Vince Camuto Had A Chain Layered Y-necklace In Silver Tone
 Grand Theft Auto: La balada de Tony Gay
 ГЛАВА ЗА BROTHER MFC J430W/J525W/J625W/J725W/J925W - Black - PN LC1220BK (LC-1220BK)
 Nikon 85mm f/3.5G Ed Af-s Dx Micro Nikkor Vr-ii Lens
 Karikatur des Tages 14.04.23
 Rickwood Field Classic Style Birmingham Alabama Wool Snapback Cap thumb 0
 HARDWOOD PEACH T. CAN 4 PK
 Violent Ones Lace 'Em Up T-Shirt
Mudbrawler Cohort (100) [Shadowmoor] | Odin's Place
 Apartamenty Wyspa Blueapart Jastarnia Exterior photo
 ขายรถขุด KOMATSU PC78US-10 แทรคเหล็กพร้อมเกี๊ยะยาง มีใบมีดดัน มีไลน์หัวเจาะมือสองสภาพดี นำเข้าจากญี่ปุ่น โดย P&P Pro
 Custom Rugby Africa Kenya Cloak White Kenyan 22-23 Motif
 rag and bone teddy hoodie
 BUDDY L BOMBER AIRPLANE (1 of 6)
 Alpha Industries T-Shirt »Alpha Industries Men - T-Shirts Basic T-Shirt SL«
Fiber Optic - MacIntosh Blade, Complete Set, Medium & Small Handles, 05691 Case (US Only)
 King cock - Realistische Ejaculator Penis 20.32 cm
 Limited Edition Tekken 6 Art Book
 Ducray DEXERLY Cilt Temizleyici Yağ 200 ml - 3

* [Exercise goal] Reproduce the listing above character for character.

* [Response]
Vince Camuto Had A Chain Layered Y-necklace In Silver Tone
 Grand Theft Auto: La balada de Tony Gay
 ГЛАВА ЗА BROTHER MFC J430W/J525W/J625W/J725W/J925W - Black - PN LC1220BK (LC-1220BK)
 Nikon 85mm f/3.5G Ed Af-s Dx Micro Nikkor Vr-ii Lens
 Karikatur des Tages 14.04.23
 Rickwood Field Classic Style Birmingham Alabama Wool Snapback Cap thumb 0
 HARDWOOD PEACH T. CAN 4 PK
 Violent Ones Lace 'Em Up T-Shirt
Mudbrawler Cohort (100) [Shadowmoor] | Odin's Place
 Apartamenty Wyspa Blueapart Jastarnia Exterior photo
 ขายรถขุด KOMATSU PC78US-10 แทรคเหล็กพร้อมเกี๊ยะยาง มีใบมีดดัน มีไลน์หัวเจาะมือสองสภาพดี นำเข้าจากญี่ปุ่น โดย P&P Pro
 Custom Rugby Africa Kenya Cloak White Kenyan 22-23 Motif
 rag and bone teddy hoodie
 BUDDY L BOMBER AIRPLANE (1 of 6)
 Alpha Industries T-Shirt »Alpha Industries Men - T-Shirts Basic T-Shirt SL«
Fiber Optic - MacIntosh Blade, Complete Set, Medium & Small Handles, 05691 Case (US Only)
 King cock - Realistische Ejaculator Penis 20.32 cm
 Limited Edition Tekken 6 Art Book
 Ducray DEXERLY Cilt Temizleyici Yağ 200 ml - 3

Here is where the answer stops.